[Chicago] Out of Memory: Killed Process: on CentOS

Tue Apr 28 01:13:43 CEST 2009

On Mon, Apr 27, 2009 at 12:02:35PM -0500, Brian Ray wrote:
>>> What is the best ways to manage this scenario?  Specifically, what
>>> should I try?

My first thought was to ask if there's actually a business need to
process such huge piles of data in one request, since that is surely
what's getting you into trouble; if not, then the simple solution to
these headaches might be to stop banging your head against that wall. 
The headaches are exasperated by mod_python, since that means that
every apache worker process may eventually become bloated by having the
embedded Python interpreter using gobs of memory, which, according to
everything I've read and all my experience, never goes away. It also
passed through my mind that from what you imply about the number of
concurrent requests of this type that you need to handle it might help
to run a separate process (fastcgi, ... wsgi), as that might result in
less processes with bloated memory spaces hanging about.  But since I
didn't stop reading even then...

> I am ok with running differently; although, generally Apache is working 
> well for us on situations where we have sites that get a lot of traffic. 
> I would want to use two things at once, perhaps or simply run a separate 
> process of python for each request.

Brilliant, you've answered your own question here!

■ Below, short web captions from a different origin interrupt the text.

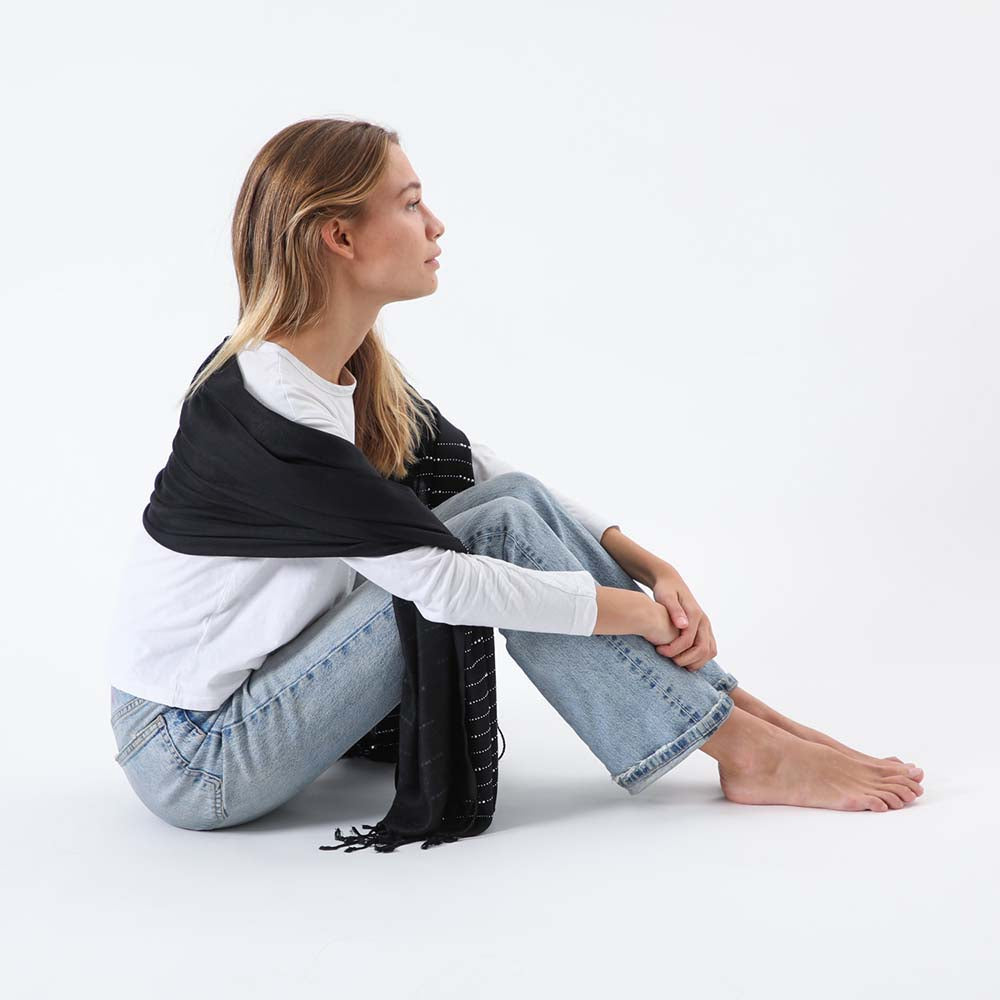 Pañuelo Liso Badalona Negro Humana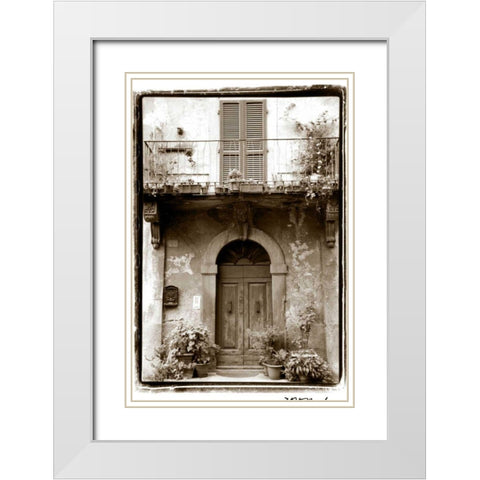 Graceful Welcome White Modern Wood Framed Art Print with Double Matting by DeNardo, Laura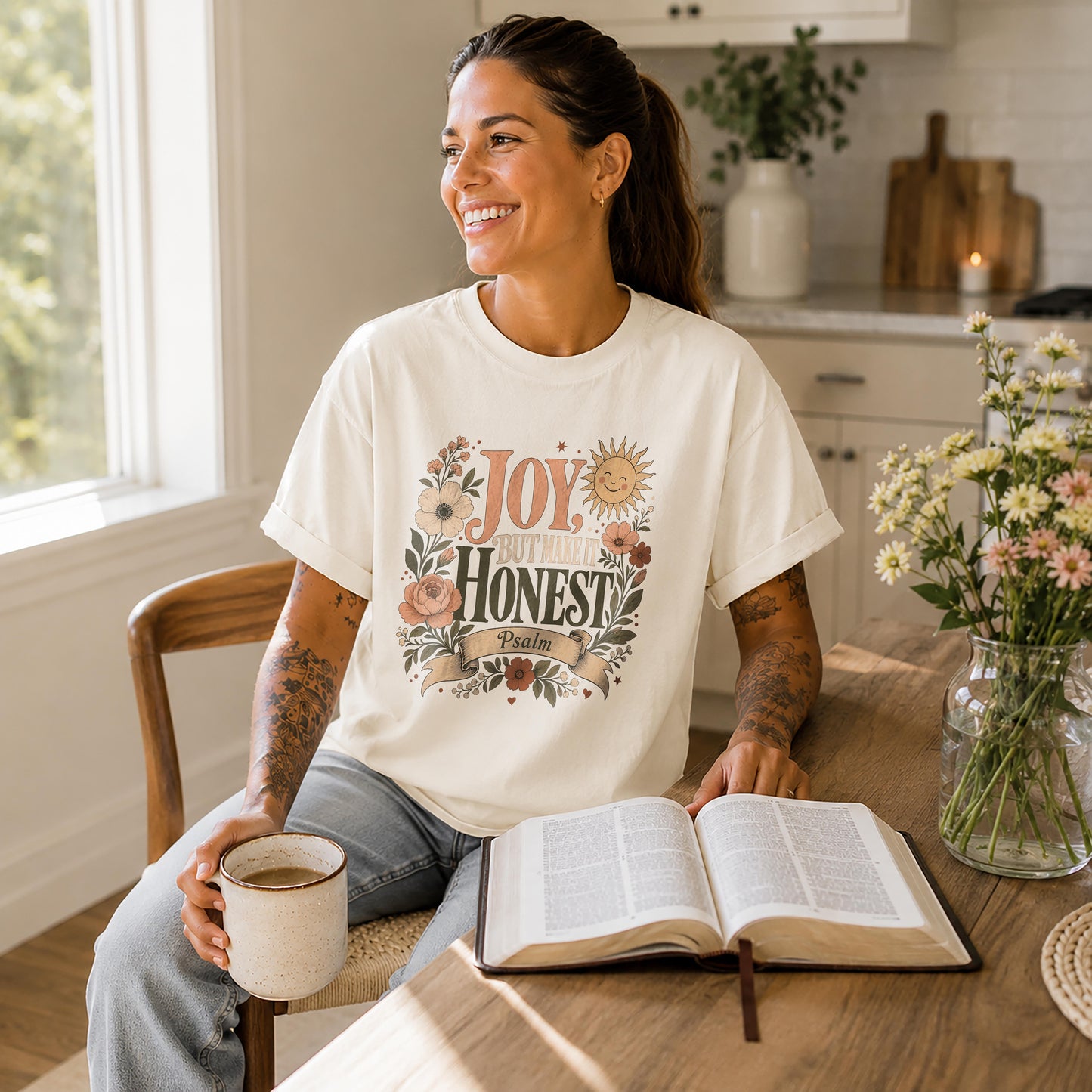 Joy But Make It Honest Christian T-Shirt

>>> Is there some other way to clear memory when running large requests?

Right, you want to run these beasts as plain old CGI.  It's a perfect
fit - relatively infrequent, huge, requests, so the "horrid" overhead
of starting up a process to handle each one will be barely visible, and
having the process die at the end will free up the sometimes huge VM
demands.  You could still get in trouble if there are enough concurrent
huge requests, but... wait, let me tie off that other loose end.

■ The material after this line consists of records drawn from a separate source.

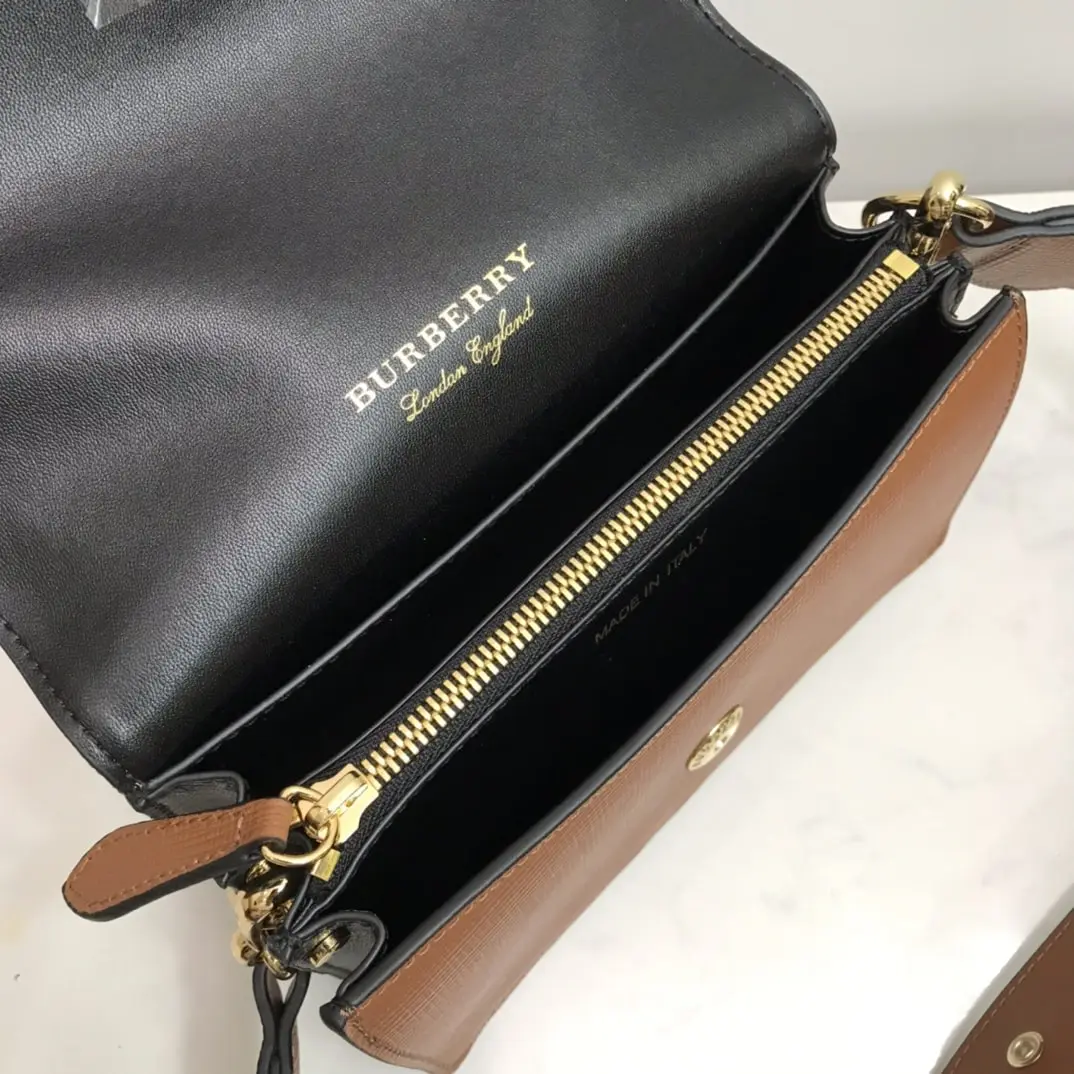 Small Bridle House Check And Buckle Crossbody Brown For Women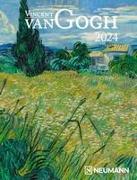 Vincent van Gogh 2024 - Diary - Buchkalender - Taschenkalender - 16,5x21,6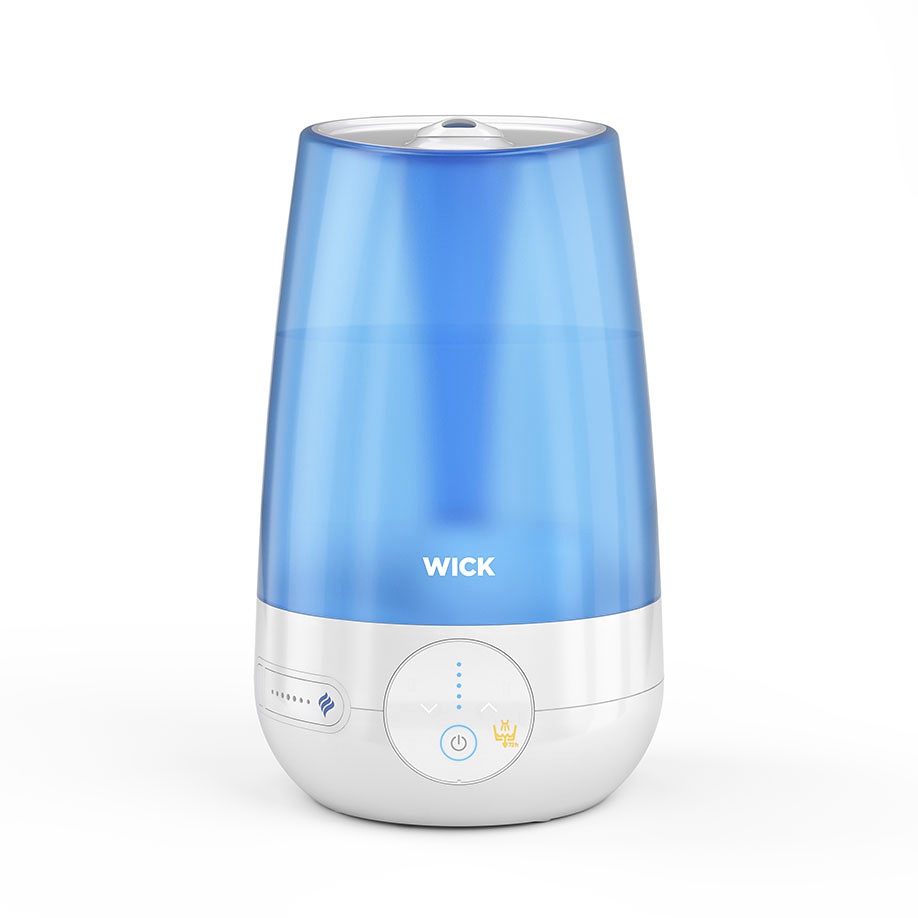 WICK Kaltluft Ultraschall Luftbefeuchter WUL565E4, weiß/blau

> What methods work best for finding leaks. Of course the app consumed  
> more and more memory while it is parsing.  Are there any tools out there 
> you would recommend to check for leaks.

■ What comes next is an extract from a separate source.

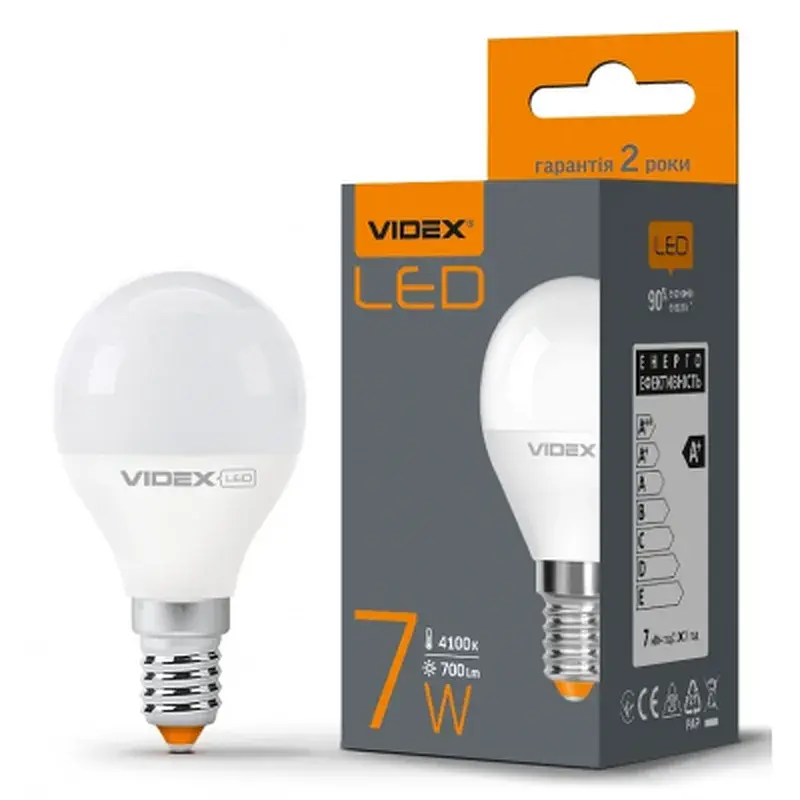 Лампочка TITANUM LED G45e 7W E14 4100K (VL-G45e-07144) - фото 3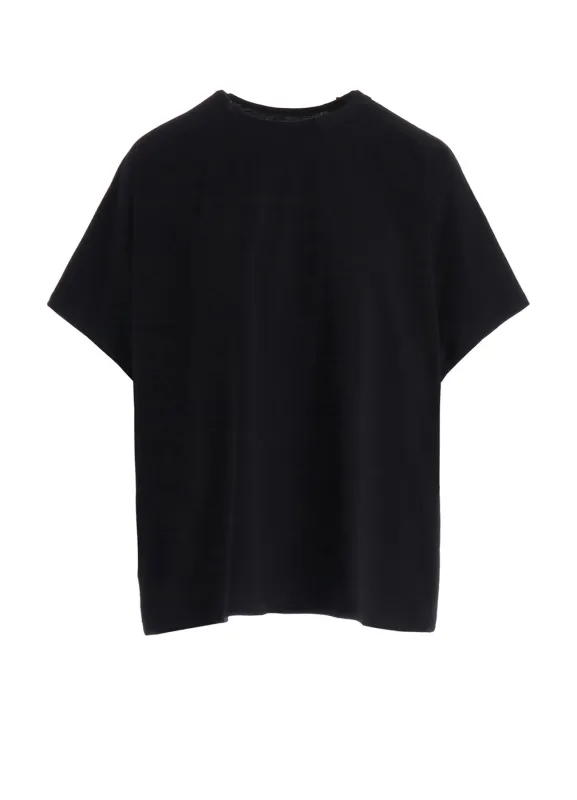 30/1 COMBED ASYMMETRIC COLLAR PULLOVER made by Yohji Yamamoto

Killing the process cures memory leaks.  Assuming there are actually
any leaks, as opposed to just a huge peak demand that then sticks
around because the Python VM doesn't free memory back to the OS.

> Do you have any good SAX style API you would recommend?

That's a great idea too, and I think it also would encourage you to run
these jobs as CGI.  Unless I misremember - quite possible - the CGI job
gets the body of the request on its stdin, and I think it's actually
wired to the socket, so if you can move to a more incremental parse &
process those huge requests won't clutter up memory (whether being
bufferred, ouch, or just from having passed through on their way to and
from disk).

Use CGI because it has less overhead!  /me ROFLs contrarianly...

-- 
The true danger is when liberty is nibbled away,
for expedients, and by parts.  -- Edmund Burke